By taking advantage of cyberspace, the map can also reclaim some of the traditionally queer physical space that has been lost, like the bars that have slowly shuttered over the past decade. “As queer life becomes increasingly less centered around specific neighborhoods and the buildings within them, notions of ‘queer spaces’ become more abstract,” LaRochelle’s website reads. “The intent of the Queering the Map project is to ‘queer’ as much space as possible, from park benches to parking garages, to mark moments of queerness wherever they occur.”
Each pin has a story to tell. Some are pained descriptions of confusion, shame, and heartbreak. Others are playful accounts of happiness and pride, as well as love, sex, and relationships. All of them are intimate, and act as a landing place for queer people around the world who can toggle through the map and see that no matter the experience they are having, they are not alone. “Whatever constitutes queerness or queer action, or queer space, or queer geography counts for this project,” LaRochelle said.
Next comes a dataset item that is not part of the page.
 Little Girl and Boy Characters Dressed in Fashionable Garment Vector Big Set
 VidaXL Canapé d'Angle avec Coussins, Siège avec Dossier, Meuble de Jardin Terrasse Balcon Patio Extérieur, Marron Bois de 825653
As Queering the Map grows, it has the potential to document how these spaces have evolved over time. “It’s been incredible learning more about queer history as people [add] more historic information…an older generation of queer people [have been adding pins] within the same areas, but totally detailing a different experience of that space,” LaRochelle said. In this way, the map can be a powerful vehicle for queer history, which has often been neglected, gone undocumented, or been erased all together.
And that history is very much in progress. In Australia, for example, where gay marriage was legalized just two months ago, the map reflects a number of pins around Sydney that celebrate the decision. In that same area, there are also pins written by those who align themselves with more a radical queer tradition, which doesn’t typically embrace the idea of marriage. “There were tons of points talking about a pro-marriage politic, in the exact same spaces there’s a huge anarcho-queer politic … that perhaps [feels that] gay marriage [is not] what we need to be fighting for,” LaRochelle said. “It’s interesting to have those under the umbrella of queerness, but existing in the same geography.”
LaRochelle hopes that by showcasing the way the same physical spaces can host such vastly different experiences, it will help users—and observers—develop a more dynamic understanding of the land on which they live. To this end, the map also presents a disclaimer about Montreal’s original name—Kanien’kehá:ka—and the indigenous people who first lived there.
“Inherent to any mapping project there are colonial implications,” LaRochelle said. “Queering the Map is intentionally political, but that politic needs to be coalitional, especially with an indigenous politic, if we’re talking about land and geography. That’s one of the next steps—figuring out how to make those links more apparent, and more active.”